▶ _SUPPLIED INFORMATION_:
=== Begin Enclosure ===

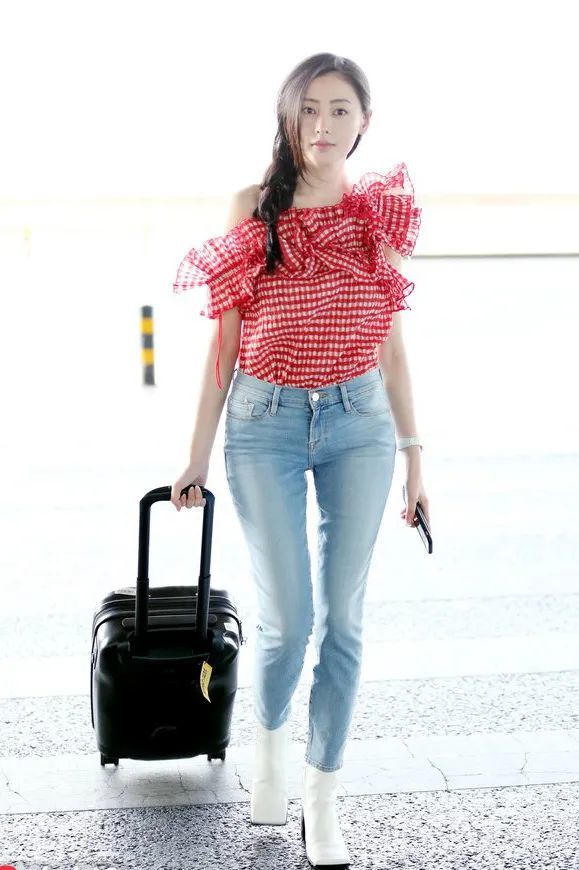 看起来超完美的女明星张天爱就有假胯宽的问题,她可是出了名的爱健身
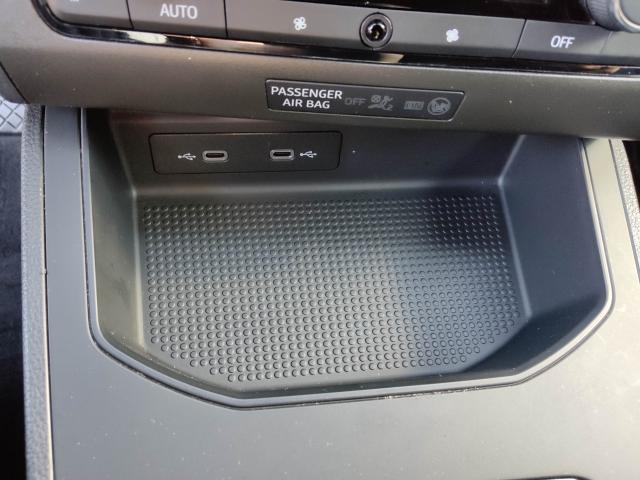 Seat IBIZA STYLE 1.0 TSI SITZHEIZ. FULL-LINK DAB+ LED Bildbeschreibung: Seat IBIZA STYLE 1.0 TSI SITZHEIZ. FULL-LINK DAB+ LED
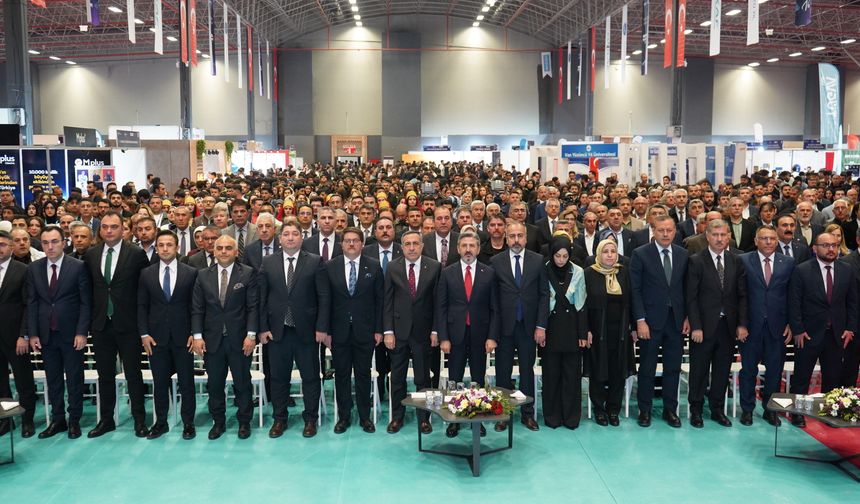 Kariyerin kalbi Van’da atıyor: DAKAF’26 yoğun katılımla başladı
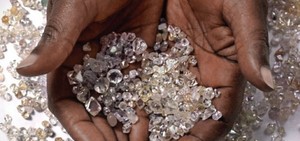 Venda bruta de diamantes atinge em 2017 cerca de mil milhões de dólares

=== End Enclosure ===

▶ _WHAT YOU NEED TO DO_: Nothing but the lines from the one holding "LED Bildbeschreibung: Seat" through the last line of the listing should appear in the answer, copied exactly and without pictures.

▶ _SOLUTION FOR THIS PROBLEM_:
 Seat IBIZA STYLE 1.0 TSI SITZHEIZ. FULL-LINK DAB+ LED Bildbeschreibung: Seat IBIZA STYLE 1.0 TSI SITZHEIZ. FULL-LINK DAB+ LED
 Kariyerin kalbi Van’da atıyor: DAKAF’26 yoğun katılımla başladı
 Venda bruta de diamantes atinge em 2017 cerca de mil milhões de dólares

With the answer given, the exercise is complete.